それなりに大変で、それなりに楽しく、それなりにやることがあって、それなりに日々が過ぎていく。そうやってそれなりを重ねる毎日が当たり前になって、それなりに満足した気がしつつも、会うたびに好きというのを止められなかった理由なんて一つしかない。

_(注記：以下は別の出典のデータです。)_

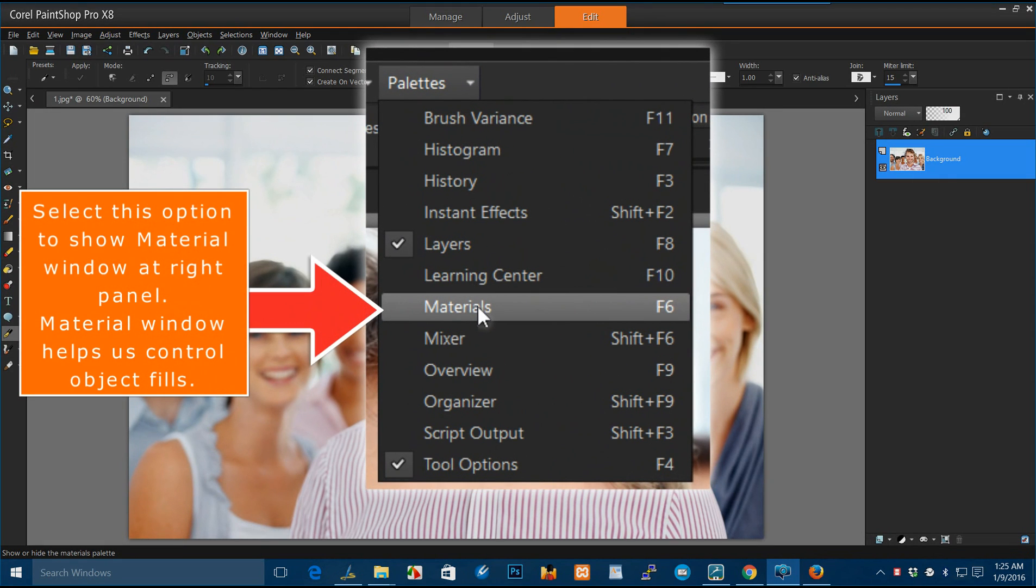Select this option to show material window at right panel. Material window helps us control object fills.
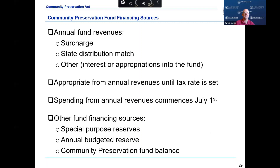A community may appropriate from the estimated annual fund revenues of the Community Preservation Fund for allowable expenditures. Annual fund revenues may also be reserved for future appropriations. For a community that has accepted the regular CPA, the annual fund revenues consist of the receipts from the surcharge, the state trust fund distribution, and interest earned. For a community that accepted the blended CPA, the annual fund revenues also include additional revenues appropriated into the community preservation fund.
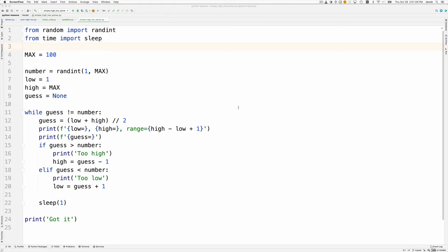Here's a Python program that uses a binary search algorithm to determine a randomly chosen integer between 1 and 100. Let's run it and then we'll talk about it.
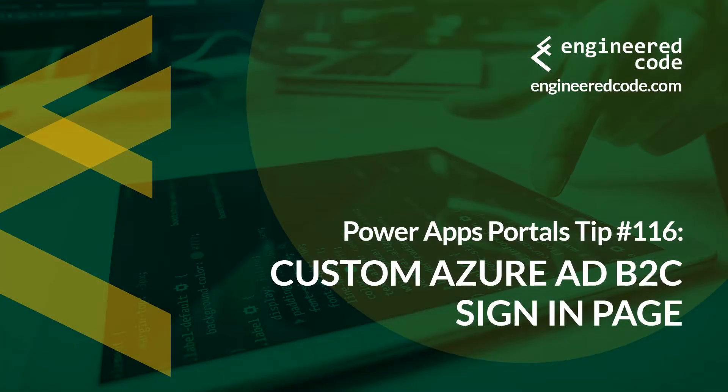Thanks for watching, and I hope you found the Power Apps portals tip number 116 on custom Azure AD B2C sign-in page useful.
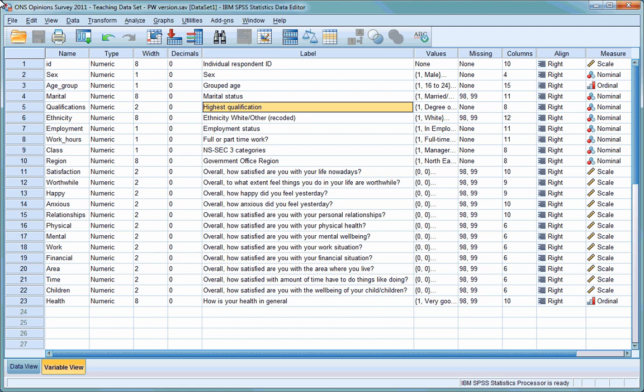So suppose we were interested in the relationship between our respondents' ethnicity and their employment status. We might want to know, for example, whether some ethnic groups have higher rates of unemployment than others. We could use cross-tabulation to provide us with information about this.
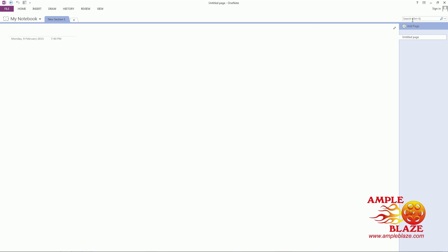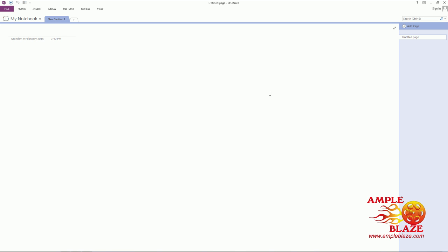You can actually go to the Search box and if you have any audio or video that has been inserted in the document, you can find it now. Thank you for watching.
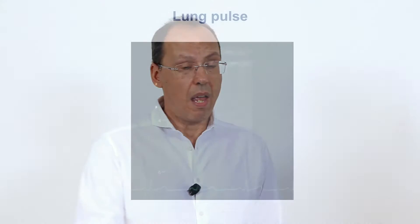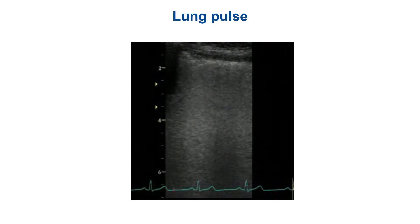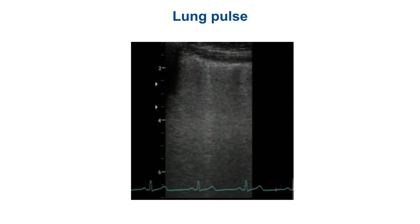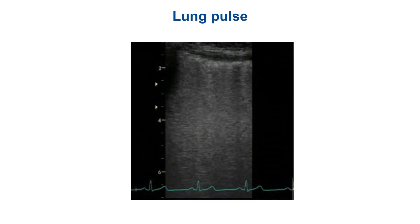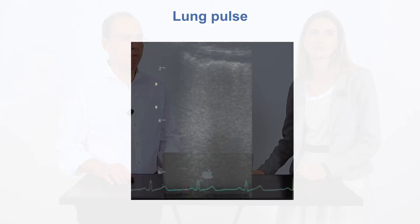Hi everybody! Do you know what the lung pulse is? Giovanni, could you tell us what it is? Of course Luna! The lung pulse is an important sign in lung ultrasound. As you can see, it is a movement of the lung that is synchronous with the heartbeats.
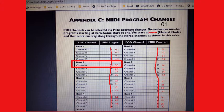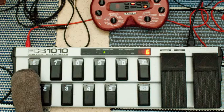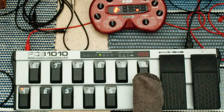To bring up bank 2 memory location A, I need to program the FCB to send program change number 06. To change the data information that is to be sent from number 01 to 06, I only need to tap the number 6 pedal.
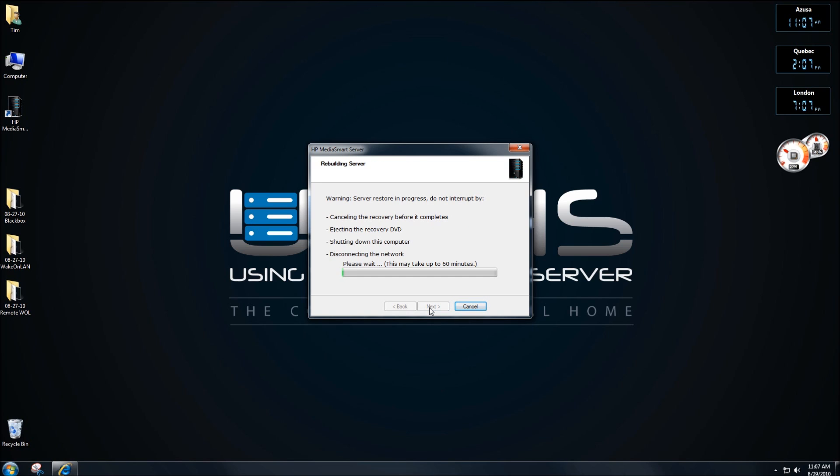And then this is where it takes a while. It's going to take up to 60 minutes for the whole process. The actual copying of everything to the server doesn't take more than 10 or 15 minutes at most, but the part after that when it does the installation and startup takes a while. So this is what we've got. Let's see how we go.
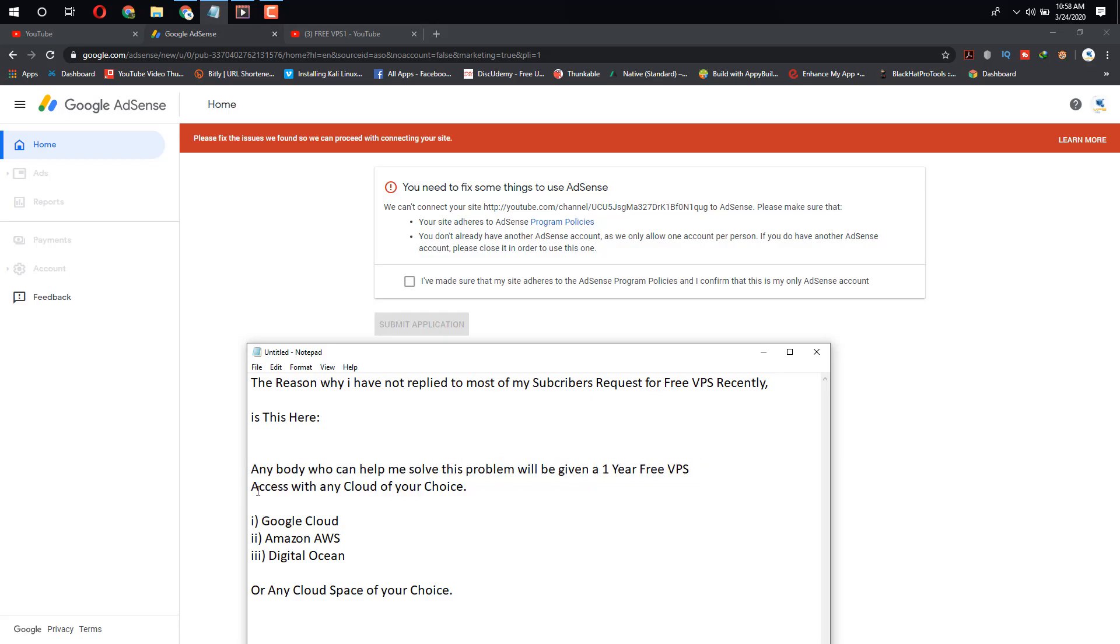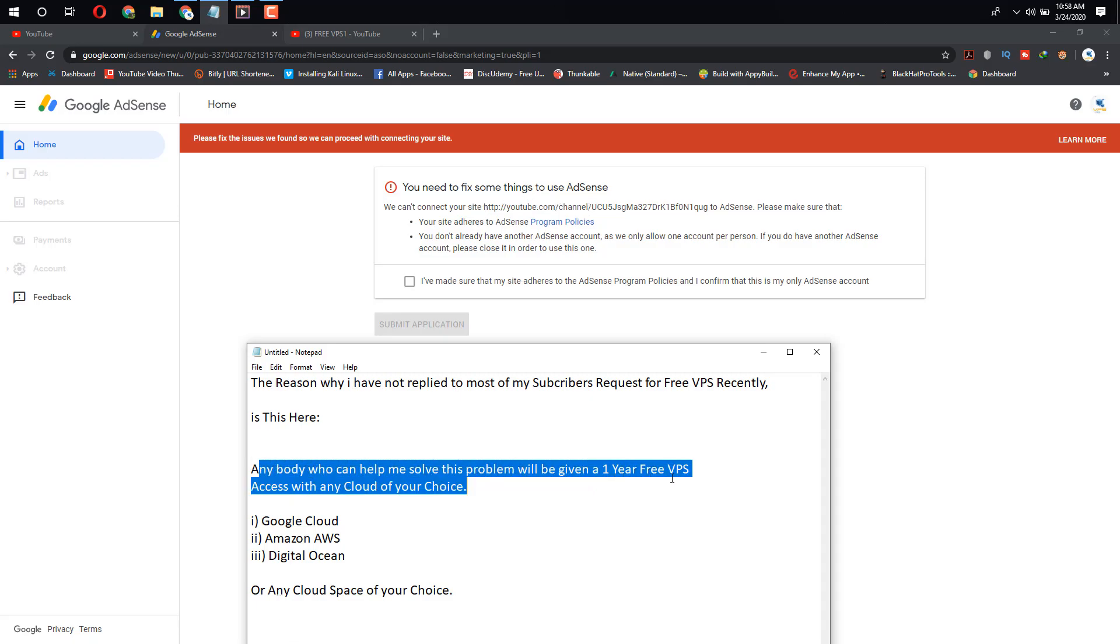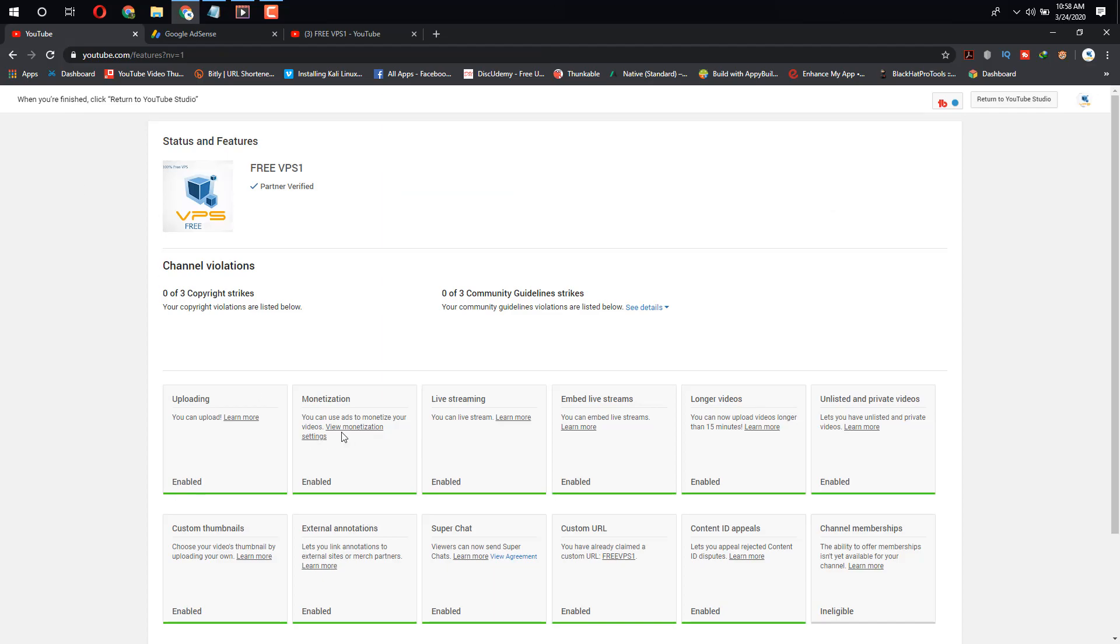Digital Ocean, or any cloud space of your choice. If you have any suggestion or idea that can help me solve this problem, this will enable me to keep posting on this channel. Email me your valuable suggestions to freeVPS25@gmail.com. Anyone whose idea can help solve this problem will be given the one-year free VPS.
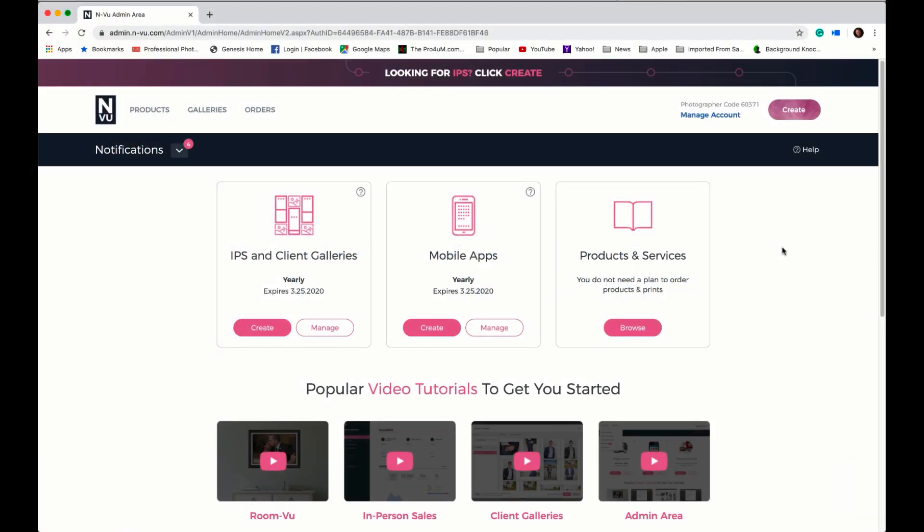In this video tutorial we're going to look at uploading images to an event. Keep in mind with the Enview platform we only need to upload our images one time to an event and those images can be used for different types of galleries such as an IPS sales session or a client gallery. So let's go ahead and get started.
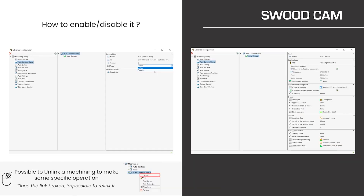Just a few words to understand how we can do it. Once we have edited the machining strategy, we can define its type and choose if we want to link the machining or use a regular one, and then define the value of the different parameters depending on the needs. Regarding the behavior of the features, a machining strategy can be unlinked at any moment, but cannot be relinked once unlinked.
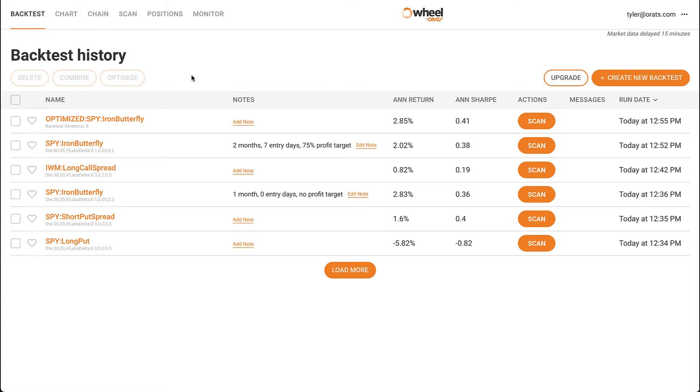Hi everyone, this is Tyler from O-Rats and today we'll be walking through our most popular tool on wheel, the backtester. We've packed a lot of functionality into the backtester, so we're going to break this video down into three sections.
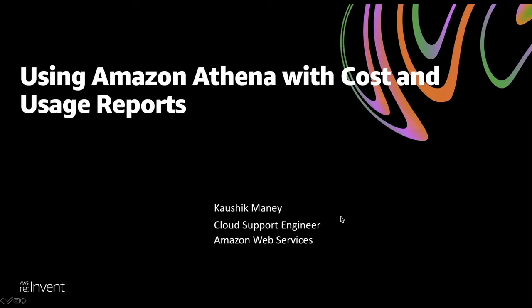Hello, everyone. My name is Kaushik, and I'm a Cloud Support Engineer from Big Data Team in AWS Support. Today, we'll be looking at how to set up and use Amazon Athena with AWS Cost and Usage Report.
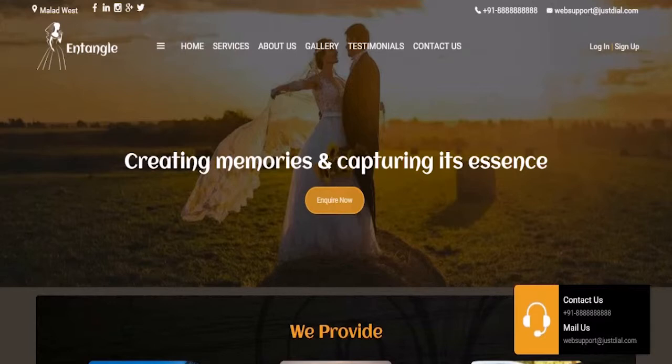Let's show you some examples of websites that you can design, or that we have designed using a website builder. Now this one is a photographic website.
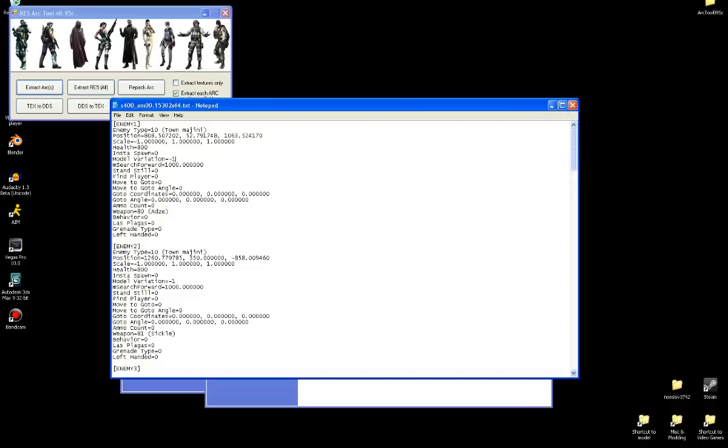Model variant. Negative one means it's random to anything that's available to the enemy. Or it could be like one, or two, or three for predefined enemy looks. So you can just test, keep editing and testing and see which one's which. I'm going to put it back to random, negative one.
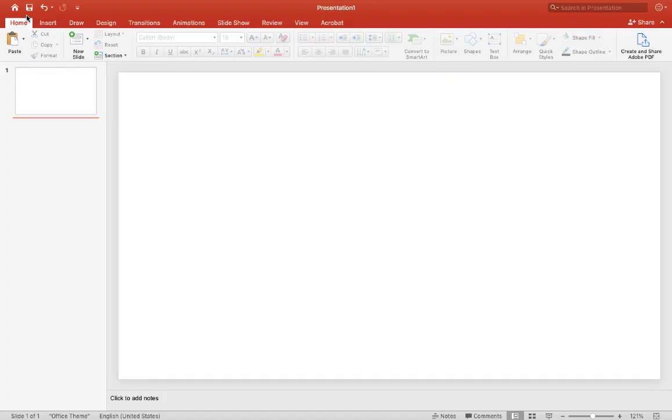Hey it's Mr. B here again, thank you for checking out my channel. Today we are going to make a matching card game.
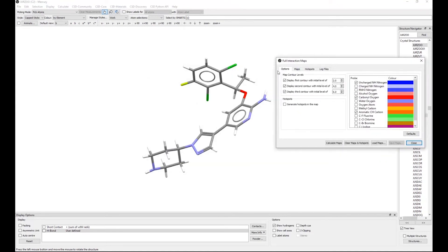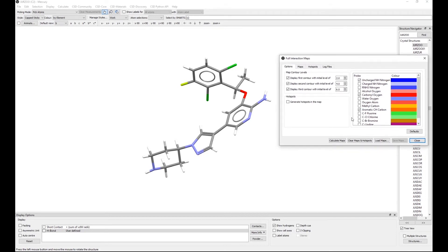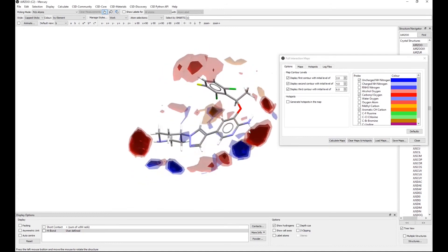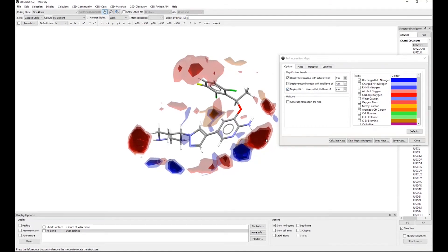By default, three probes are selected: the uncharged NH nitrogen, the carbonyl oxygen, and the aromatic CH carbon — representing a generic hydrogen bond donor, a generic hydrogen bond acceptor, and a generic hydrophobic group. We recommend starting with these for a first pass, though there is quite a diversity of other functional groups available. I click Calculate Maps and give it a minute to run. The maps are then generated with different contour levels: a contour level of six means interactions are at least six times more likely than random.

そこには色あせながらも確かに幸せが残っていたからだ。
親友へ電話を掛ければ、すぐに相手とつながった。
「あのさ、俺はやっぱりお前が好きで、お前に好きって言って、お前がそれを嫌な顔せずに笑って、知ってるって言ってくれるのが幸せだった。それさえあれば満足だってずっと思ってた。でももし、俺がお前に好きって言った時、お前が俺も好きって返してくれたら、俺はもっと幸せになるのかもしれない」
一気にまくし立ててしまえば、少しの沈黙の後、携帯の先で相手が吹き出したのがわかる。
『俺も、お前が好きだよ』
優しい響きが耳の中に届いて、電話で伝えてしまったことを後悔した。携帯越しの声じゃなく、相手の声を直接聞きたい。どんな顔で言っているのか見てみたい。
そんな気持ちはあっさり口からこぼれ落ちる。
「会いたい」
『いいよ。俺も、会いたい』
お前の家まで行こうかと言う提案に否を返し、逆に相手の家へ行くと告げた。なんだか随分と気持ちが急いていて、相手が来るのを待つということが出来そうになかったからだ。
「すぐ行くから」
あんま慌てて事故るなよの言葉にわかってると返して通話を切った後、急いで支度して家を飛び出した。